Antiwar veterans of the U.S. wars in Iraq and Afghanistan took their case to Capitol Hill Thursday, baring their souls with stories of killings of innocent civilians, torture and wrongful detentions.
"On several occasions our convoys came upon bodies that had been lying on the road, sometimes for weeks," said Marine Corps veteran Vincent Emanuele, who served in al-Qaim near the Syrian border in 2004 and 2005.
"When encountering these bodies standard procedure was to run over the corpses, sometimes even stopping and taking pictures, which was also standard practice when encountering the dead in Iraq," he told the Congressional Progressive Caucus, which organized the hearing.
Emanuele also said that U.S. military personnel often took "pot shots" at cars passing by.
"Our rules of engagement stated that we should first fire warning shots into the ground in front of the car, then the engine block, and the windshield. That is if the car was even moving in the first place," he said. "Many times cars that actually had pulled off to the side of the road were also shot at."
Thursday’s hearing was an outgrowth of an event in Maryland earlier this year called "Winter Soldier: Iraq and Afghanistan Eyewitness Accounts of the Occupations." For four days in March, dozens of veterans of the two wars testified about atrocities they personally committed or witnessed while deployed overseas.
At the time, many of the veterans expressed a desire to take their case to Capitol Hill. Thursday they got their wish.
Congresswoman Lynn Woolsey (D-CA), the co-chair of the Congressional Progressive Caucus, addressed a panel of veterans at the start of the hearing.
"We now have an opportunity to hear not from the military’s top brass but directly from you," she said, "the very soldiers who put your lives on the line to carry out this president’s failed policies."
Nine veterans of the Iraq war told their stories before members of Congress and a packed gallery. One of the veterans had also served in Afghanistan. About 40 veterans were in the audience.

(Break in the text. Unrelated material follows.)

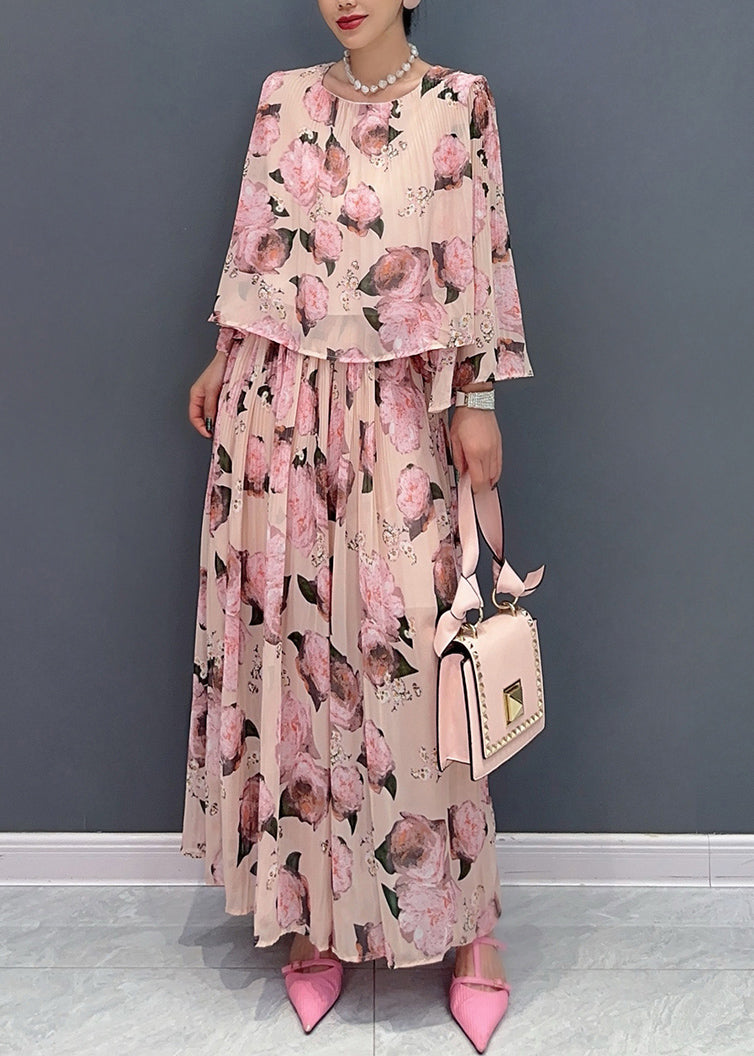 Classy Pink O Neck Print Chiffon Two Piece Set Women Clothing Summer AO1010 JDML-TPIEC240909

The veterans spoke about extremely lax rules of engagement handed down by commanding officers, which they said virtually guaranteed atrocities would be committed, and which in turn created a violent backlash among Iraqi people and a continued cycle of violence.
Former U.S. Army Capt. Luis Carlos Montalvan served directly under Gen. David Petraeus in 2005 and 2006.

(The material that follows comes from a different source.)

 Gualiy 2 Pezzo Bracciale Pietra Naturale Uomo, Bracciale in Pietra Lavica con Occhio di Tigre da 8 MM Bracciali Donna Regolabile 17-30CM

"We have beaten our drum to try to raise the issue of the dereliction of duty committed by a number of generals who have been promoted and promoted again and continue to perpetuate the lies [that] paint a rosy picture of the situation in Iraq," he said.
Montalvan said he personally witnessed U.S. military personnel carrying out waterboarding, the mock-drowning interrogation technique that has long been considered torture by U.S. courts.
Former Srgt. Adam Kokesh presented a picture of himself standing, smiling, in front of a dead Iraqi civilian that another marine had shot.
"This is a picture that I’m very ashamed of, having posed with this dead Iraqi as a trophy picture," he said. "But what felt awkward to me at the time was not so much that I was taking the picture, but the fact that I had not killed this man and I was taking a trophy from somebody else’s kill."
Kokesh said the person in the trophy photo was an innocent civilian whose car was accidentally "lit up" by marines.
Kokesh referenced similar photos that surfaced during and after the Vietnam war some of which were presented at a "Winter Soldier" gathering organized by Vietnam veterans 37 years ago.
"At the first Winter Soldier investigation in 1971, one of the Vietnam veterans held up a similar photograph and said ‘Don’t ever let your government do this to you. Don’t ever let your government put you in a position where this attitude towards death and disregard for human life is acceptable or common.’ And we are still doing this to service members every day as long as these occupations continue," he added.
Kokesh said his Marine Corps Civil Affairs team, including a major, was present when the trophy photo was taken. Numerous other marines also snapped their picture with the corpse, he said.
Members of Iraq Veterans Against the War hope this week’s hearing will spark an investigation by a full Congressional committee and speed the end of the wars.
Rep. Maxine Waters (D-CA) praised the veterans who spoke Thursday. "I want to thank you for having more courage than many members of Congress have for coming here in defiance of what you have been instructed and taught to do," she said. "They attempted to tell you that you should be satisfied by everything that you saw and everything that you did and everything you witnessed, but you’re not. I praise and honor you for that."
The veterans’ testimony, however, may be overshadowed by an unrelated legislative maneuver that occurred just steps away from their hearing room Thursday: the House of Representatives defeated a $162.5 billion proposal to continue funding the wars in Iraq and Afghanistan.
While many antiwar activists were elated by the news from the House floor, their victory will likely be only symbolic, and short-lived.
President George W. Bush had threatened to veto the spending bill anyway, citing the time line it would have imposed for withdrawing troops, and what he described as unnecessary domestic spending. Knowing that, and angered over the way Democratic leaders handled the bill, 131 Republicans abstained from the vote. That left those who opposed the new funding with a surprising plurality of the vote.